All the data that follows should be repeated exactly, without a single picture.

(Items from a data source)

_ _ _ _ _ _ _

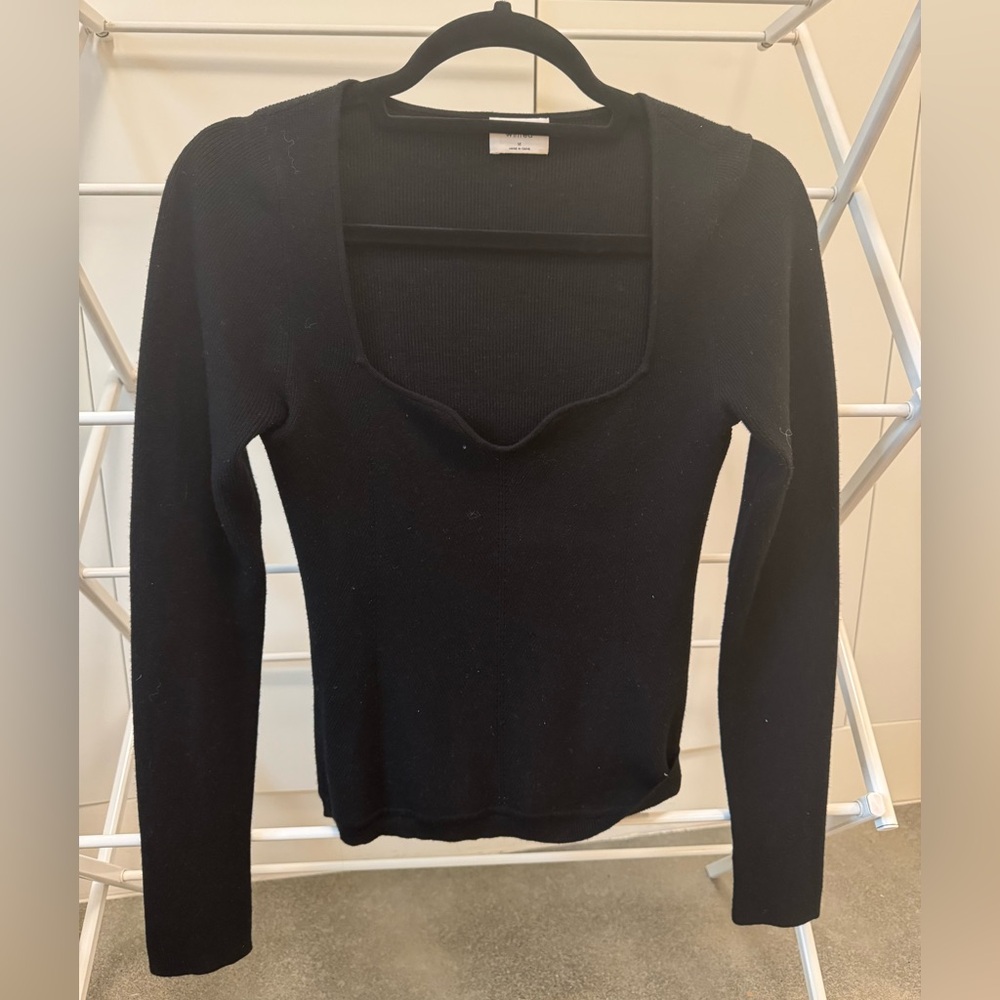 Wilfred knit long sleeve black sweater sz M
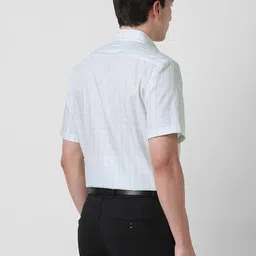 Van Heusen Checked Spread Collar Cotton Formal Shirt image 4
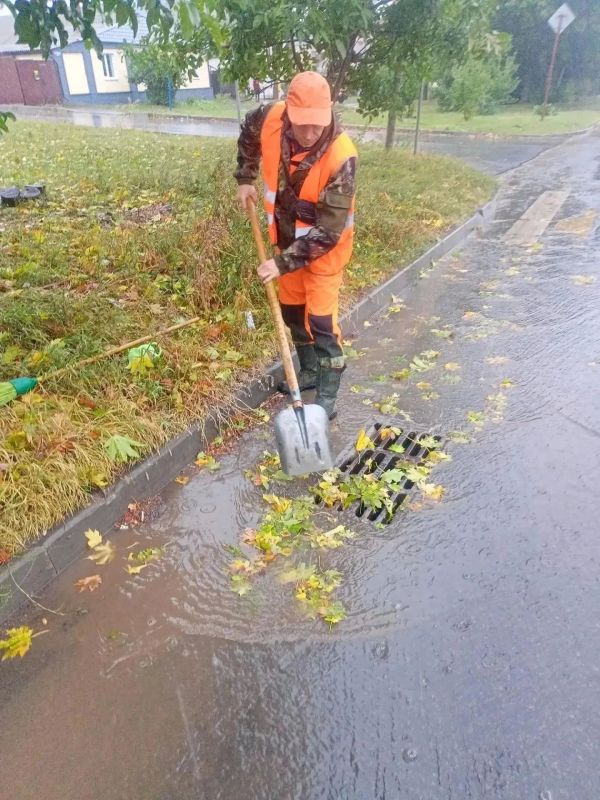 Расчистка ливневок после дождя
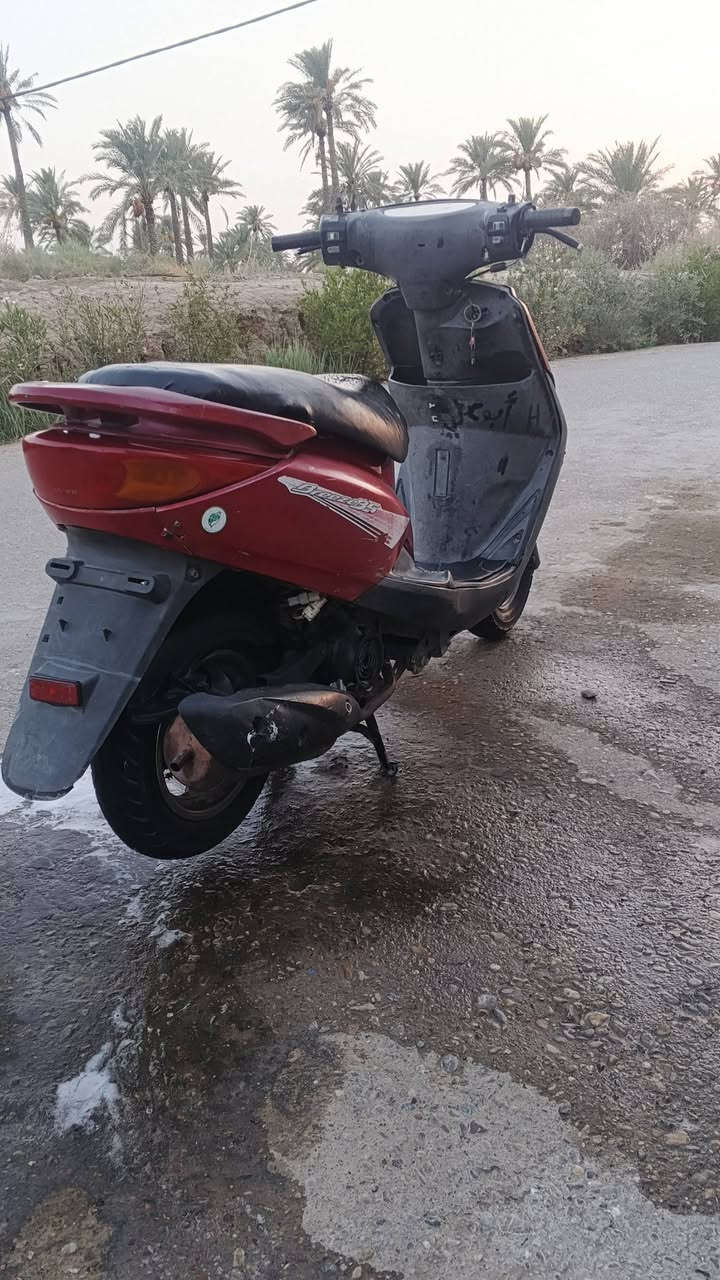 سلام عليكم بريز لايت ناصي للبيع
دراجه كامله نقوصات بسيطه بيها دراجه تشتغل سلف وهندر نكره كهربائيات كامله كفرات مختومه ويه المكينه اوراقها كامله دبلات حلوه طستها ناعمه دشبولها شغال مكينه ناعمه لاتبخير ولانضوح ولاتنقيص الدراجه تاخذها راسك بارد
نقصها واير مال كيج سرعه وكلوب الامامي وكلوب الخلفي  وبنزات مال بريك امامي وهاهيه يعني نقوصاتها متكلف 10 الاف 
مكاني بغداد للاستفسار اكثر متوفر واتساب وخط اتصل وبيك خير وتدلل ***********
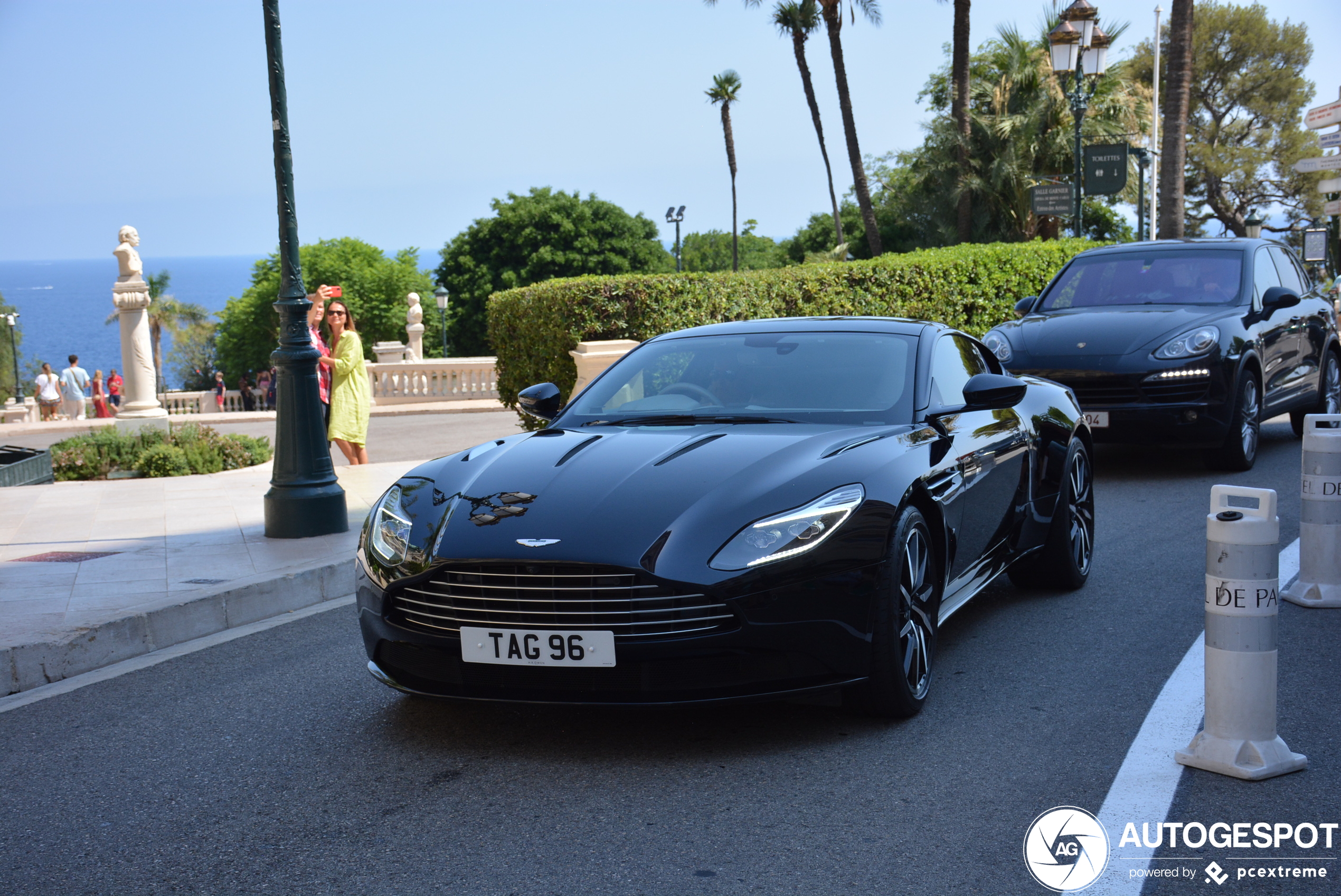 Aston Martin DB11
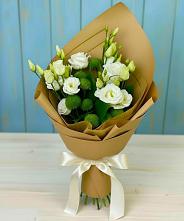 Букет цветов из:  Хризантемы и Лизиантусы в Некрасовке Хабаровский край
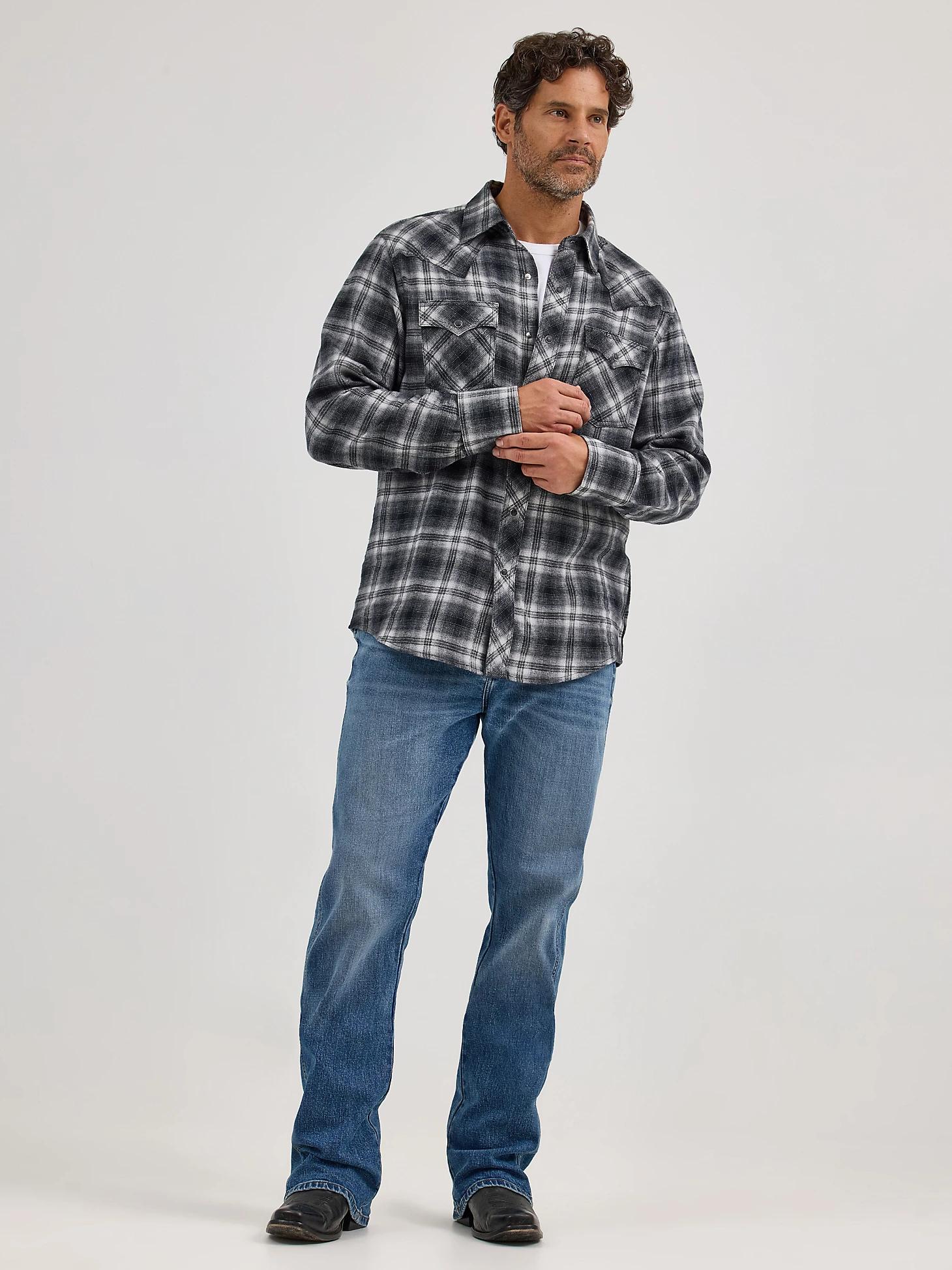 Men's Wrangler Retro® Long Sleeve Flannel Western Snap Plaid Shirt | Men's SHIRTS | Wrangler® Product Image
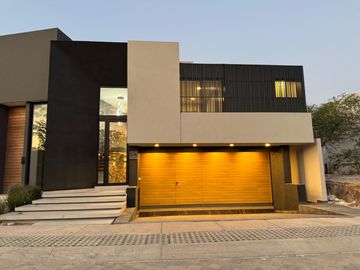 CASA EN VENTA VALLES DEL MOLINO LEON GUANAJUATO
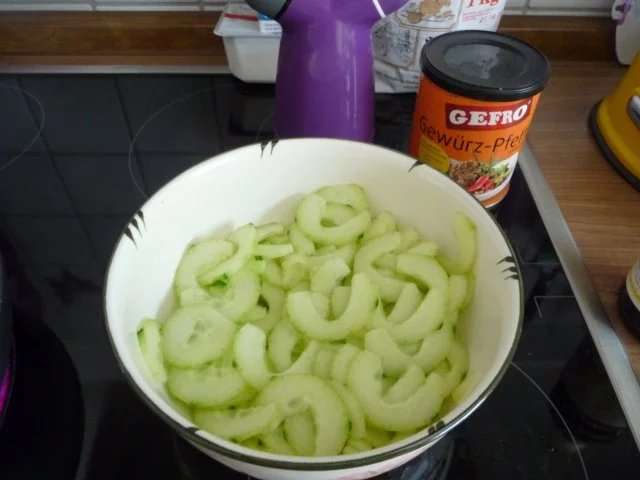 Rezept: Schmalhans - Küchenmeister : Pellkartoffeln mit Schmorgurken Bild Nr. 4 Schmalhans - Küchenmeister : Pellkartoffeln mit Schmorgurken - Rezept - Bild Nr. 4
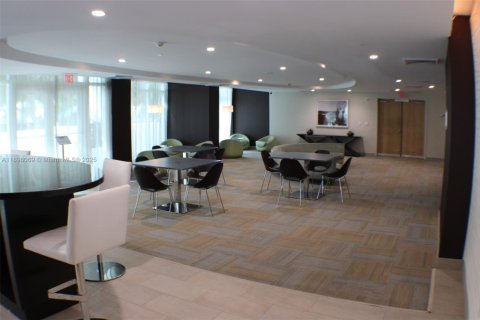 Casa en venta en Miami, Florida, 2 dormitorios, 103.4 m2 № 1949854 - foto 9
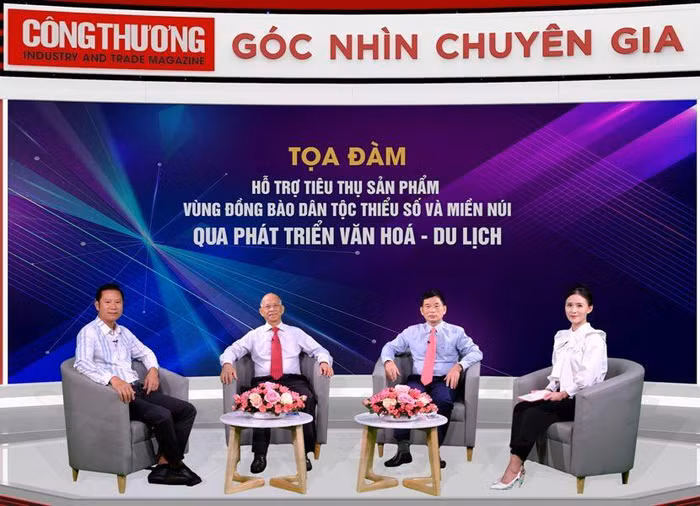 Tiêu thụ sản phẩm vùng cao qua phát triển văn hóa&nbsp; - du lịch rất hữu ích và hiệu quả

_ _ _ _ _ _ _

**Solution below**
 Wilfred knit long sleeve black sweater sz M
 Van Heusen Checked Spread Collar Cotton Formal Shirt image 4
 Расчистка ливневок после дождя
 سلام عليكم بريز لايت ناصي للبيع
دراجه كامله نقوصات بسيطه بيها دراجه تشتغل سلف وهندر نكره كهربائيات كامله كفرات مختومه ويه المكينه اوراقها كامله دبلات حلوه طستها ناعمه دشبولها شغال مكينه ناعمه لاتبخير ولانضوح ولاتنقيص الدراجه تاخذها راسك بارد
نقصها واير مال كيج سرعه وكلوب الامامي وكلوب الخلفي  وبنزات مال بريك امامي وهاهيه يعني نقوصاتها متكلف 10 الاف 
مكاني بغداد للاستفسار اكثر متوفر واتساب وخط اتصل وبيك خير وتدلل ***********
 Aston Martin DB11
 Букет цветов из:  Хризантемы и Лизиантусы в Некрасовке Хабаровский край
 Men's Wrangler Retro® Long Sleeve Flannel Western Snap Plaid Shirt | Men's SHIRTS | Wrangler® Product Image
 CASA EN VENTA VALLES DEL MOLINO LEON GUANAJUATO
 Rezept: Schmalhans - Küchenmeister : Pellkartoffeln mit Schmorgurken Bild Nr. 4 Schmalhans - Küchenmeister : Pellkartoffeln mit Schmorgurken - Rezept - Bild Nr. 4
 Casa en venta en Miami, Florida, 2 dormitorios, 103.4 m2 № 1949854 - foto 9
 Tiêu thụ sản phẩm vùng cao qua phát triển văn hóa&nbsp; - du lịch rất hữu ích và hiệu quả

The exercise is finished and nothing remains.